Dyt. Psk. Meryem Berrin Ak Atiş ......22
Vejetaryen ve vegan beslenmeye olan ilgi son yıllarda dünya genelinde
hızla artıyor. Sağlık, inanç veya etik gibi nedenlerle tercih edilen bu beslenme ve yaşam tarzı, Türkiye’de de özellikle kentsel nüfus arasında
oldukça yaygınlaşıyor.
Euromonitor tarafından geçen yıl açıklanan, 2016-2017 yılları arasında vejetaryen nüfusun en fazla arttığı ülkeler sıralamasında Türkiye’nin yedinci sırada yer alması da bu ilgiyi kanıtlıyor. Son yıllarda yapılan çalışmalar, vegan beslenme tarzının başta obezite olmak üzere Tip 2 diyabet, kardiyovasküler, gastrointestinal ve kanser gibi hastalıklar üzerindeki etkisini ortaya koyuyor. Ayrıca ABD’de yapılan bir araştırmaya göre; bilinçli beslenen veganların yaşam süresi, hayvansal besin tüketenlere göre daha uzun oluyor.

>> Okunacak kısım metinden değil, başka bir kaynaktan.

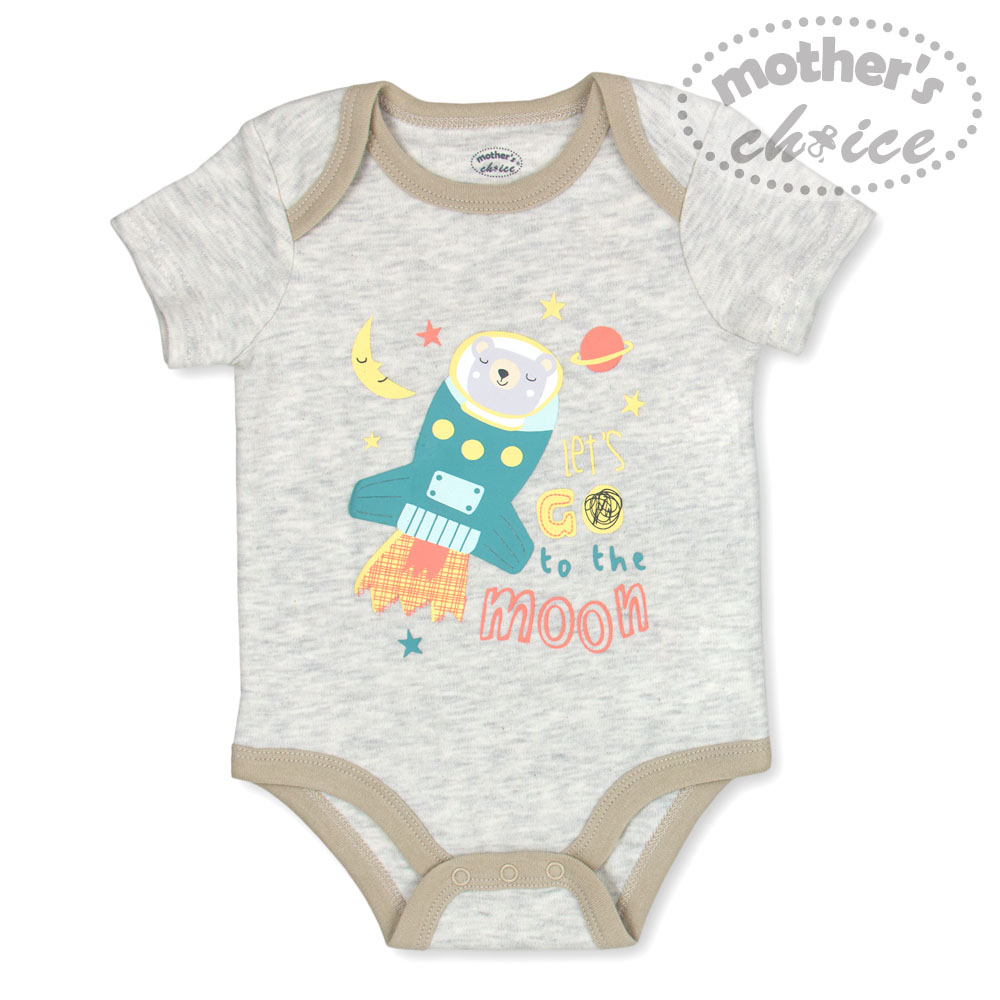 Mother's Choice 5-Pc 100% Cotton Short-Sleeved Baby Bodysuit (To the Moon)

Etik veya sağlık, hangi nedenle olursa olsun vegan beslenme birçok hastalığa karşı koruyucu etki sağlayabileceği gibi hayvansal kaynaklarda bulunan ve insan metabolizması için B12 vitamini, demir, çinko, kalsiyum gibi zorunlu bazı mikro besin öğelerinin yeterli düzeyde alınmasını da zorlaştırıyor. Bunun sonucunda da
B12 vitamin eksikliği, osteoporoz, anemi gibi sağlık problemleri görülebiliyor. İyi planlanmadığı takdirde, vegan beslenme sağlığın sürdürülmesi açısından yeterli olamıyor. Bu nedenle veganlarda sağlıklı ve dengeli beslenme planının mutlaka bir uzmandan destek alınarak hazırlanması gerekiyor. Vegan yaşam tarzının en önemli sorunu, protein ve B12 eksikliğinin yaşanması. Vegansanız; soya fasulyesi, soya içecekleri, soya kıyması, kinoa, karabuğday, yağlı tohum, sebze, tahıl ve kuru baklagilleri diyetinize dahil edin. Haftada bir
B12 vitamini ve protein ihtiyacınızı karşılayabileceğiniz şitaki mantarı tüketin. Gerekiyorsa, yüksek oranda protein, B vitamini, demir gibi birçok vitamin ve mineral içeren besin takviyelerini kullanın. Vücuda yeterli kalsiyum alabilmek için diyette koyu yeşil yapraklı sebzeler, tahin, tofu, kurutulmuş incir gibi doğal kalsiyum kaynaklarına yer verin. Kalsiyum ile zenginleştirilmiş soya, yulaf ve pirinç sütü, kahvaltılık gevrek gibi yiyecek ve içecekler tüketin. D vitamini sentezi için zenginleştirilmiş kahvaltılık gevrekler ve soya sütü tüketin fakat mümkün olduğunca güneşten faydalanmaya ve yüksek koruma faktörlü güneş koruyucu kremler kullanmamaya çalışın. Omega-3 yağ asitleri bakımından zengin; soya, kabak çekirdeği, ceviz, kivi, kanola yağı, keten tohumu ve semizotu tüketmeye özen gösterin.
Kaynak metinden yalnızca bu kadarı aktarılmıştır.